1. 38

  2. 13

    Ordinarily I really enjoy Raymond Chen’s blog and learn a lot from it. In this case, I’m pretty sure he’s just spouting bullshit.

    I tried to track down the sources of information, and it seems this blog is a rehash of a Stack Overflow post. But that post seems to be wrong to me. It ascribes to KS X 1026 the idea that jamos are “distinct from” their combined form, which doesn’t make sense to me. It strongly implies that the Korean standard calls for grapheme cluster boundaries to be placed between jamo, for example between an L and a V, but that’s just not the case.

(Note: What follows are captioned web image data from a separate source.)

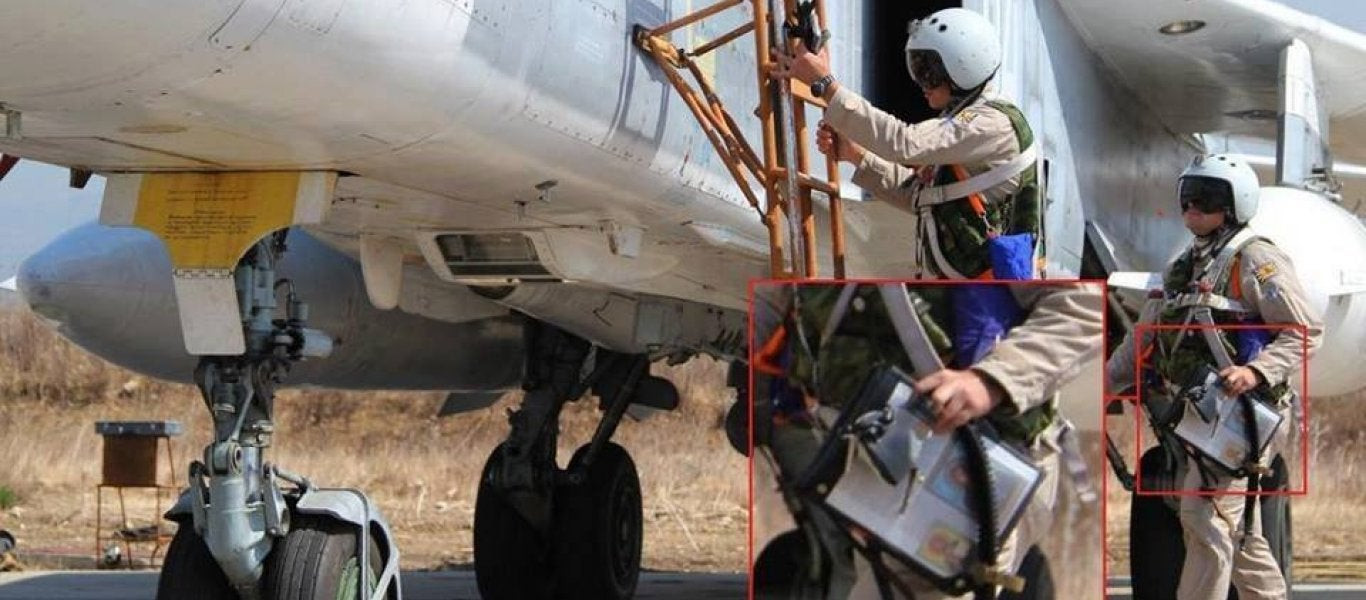 Οι Ρώσοι πιλότοι παίρνουν μαζί τους και εικόνες του Χριστού στον πόλεμο κατά των Ισλαμιστών (εικόνες)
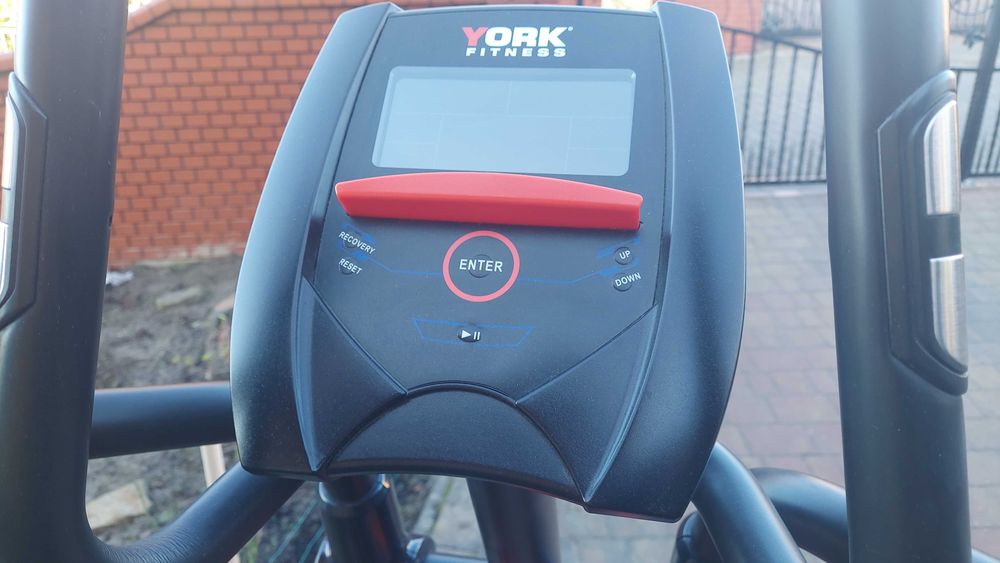 Orbitrek firmy York Fitness X520 złożony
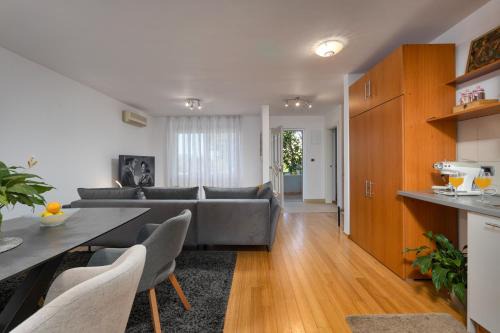 Buzdohanj Apartamento | TERRA MAGICA DELUXE Apartment Or Room with Private Parking, Terrace and Sea View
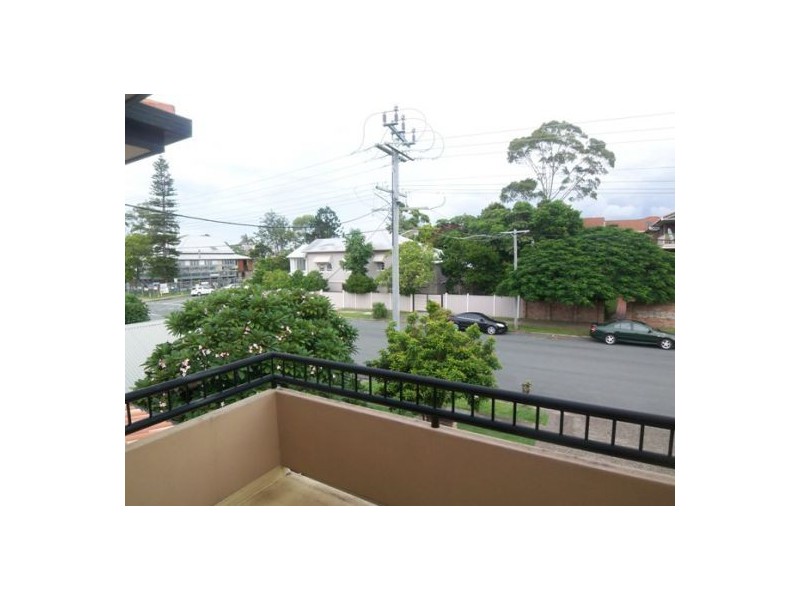 2/33 Meron Street, Southport QLD 4215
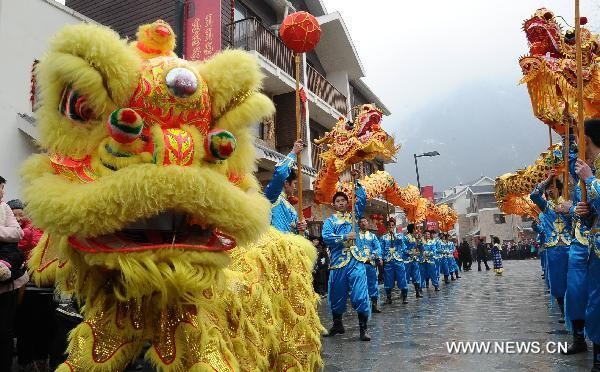 Lễ hội rước đèn lồng khuấy động không khí xuân tại Quảng Đông Mỗi chiếc đèn là một tác phẩm nghệ thuật Tứ Xuyên rộn ràng trong tiếng trống, tiếng chiêng, và nhịp điệu của những màn múa rồng, múa sư tử Người dân địa phương nâng ly cùng tiễn năm cũ, đón năm mới Những điệu múa mừng xuân mang đậm bản sắc địa phương Những chàng trai cũng trổ tài văn nghệ Các khu chợ, quầy hàng bán rong, cửa hàng, siêu thị chật cứng người sắm Tết. Lễ hội rước đèn lồng khuấy động không khí xuân tại Quảng Đông Mỗi chiếc đèn là một tác phẩm nghệ thuật Tứ Xuyên rộn ràng trong tiếng trống, tiếng chiêng, và nhịp điệu của những màn múa rồng, múa sư tử Người dân địa phương nâng ly cùng tiễn năm cũ, đón năm mới Những điệu múa mừng xuân mang đậm bản sắc địa phương Những chàng trai cũng trổ tài văn nghệ Các khu chợ, quầy hàng bán rong, cửa hàng, siêu thị chật cứng người sắm Tết.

    Now one thing that is true is that in KS X 1026, encoding a syllable as a sequence of jamo is “not recommended” if the same syllable can be encoded as a precomposed syllable. But I don’t see anywhere in the standard permission for software to go around treating NFD as separate graphemes.

    I have a very good guess what is going on in that spec. Modern Korean is not a problem, but there are archaic symbols such as ㅿ (Hangul Letter Pansios). If a syllable (가ᇫ for example) contains one of these, there is no precomposed syllable, so that jamo needs to be encoded separately. The Unicode spec gives two choices: NFD, where each of the three jamo is encoded separately, or NFC, which tries to compose as much as possible. In modern Korean, NFC gives you the composed syllable blocks, which is all good. But it takes that syllable to U+AC00 U+11EB, which some software has problems with. And it’s not hard for me to see why text layout algorithms would have trouble with it; it’s a mix of precomposed syllables (the first two jamo) and individual jamo (the last one, which is archaic). It’s easier to deal with just one or the other.

    So what the standard attempts to do (misguidedly, in my opinion), is to recommend an encoding which is neither purely NFC nor NFD, but kinda code switches between them. Modern Korean is NFC, but as soon as you get one of these archaic letters, the syllable goes to NFD. The reason I think it’s misguided is that you’re putting a burden on general software to use these funky normalization rules just to make life easier for text layout that’s not smart enough to deal with the generality of Unicode.

    Now Postel’s robustness principle - “Be liberal in what you accept, and conservative in what you send” - is debated, but it’s a pretty good rule for text layout. And it’s a fairly firm principle of Unicode that NFD and NFC should generally be treated the same. What I think happened here is that Microsoft misinterpreted KS X 1026 as saying they could expect all text to be encoded according to the funky normalization rules so they wouldn’t have to display pure NFC or pure NFD if that’s what it got.

    I could be wrong here, but I also don’t think the blog is right.

    1. 8

      I don’t speak Korean but I’ve enjoyed my travels there. Hangul is one of the most elegant and beautiful writing systems out there.

      1. 6

        It is. It’s one of those times when you read about something on wikipedia, then read about the person who created it, and go “oh, so THAT’S what genius looks like in distant history”.

        1. 3

          Sequoyah probably comes the closest in terms of creating an efficient and easy to learn script.

      2. 6

        Happy 한글 day! Korean characters decompose to individual jamo under unicode normalisation NFD and compose back up to whole syllable characters with normalisation NFC :)

        As a Korean learner, it was really interesting seeing how the (seemingly simple!) alphabet is implemented under Unicode. I wrote a Minecraft mod for Korean input too!

        1. 2

          Another Windows + Korean fun fact! The default font on a Korean version of Windows has the backslash (\) symbol made to look like the Korean Won currency symbol (₩, often 원), so you get funny looking paths in cmd.exe, with path elements delimited by Won.

          1. 3

            Same with ¥ on Japanese locales.

          2. 1

            Maybe this is in the post and I missed it, but I still don’t understand why all other implementations, including ICU, ignore the supposed standard.

            1. 3

              Second comment:

              Are you sure this isn’t a case of competing standards rather than ICU ignoring or following a mere de facto standard? If I look at UAX #29, which contains Unicode’s rules for grapheme clustering, it appears to state pretty clearly: “Do not break Hangul syllable sequences.“

            2. 1

              On Mac, shell script arguments are passed under NFD normalization (individual jamo) when you usually want NFC (syllable blocks).

              Is there a way to change that default? I’ve been using this to convert to NFC, which doesn’t seem elegant:

              echo "$1" | node -e 'console.log(require("fs").readFileSync(0, "utf-8").normalize("NFC"))' | ...
              1. 3

                They are likely passed however they were typed, so it would be an input system setting more than a shell setting.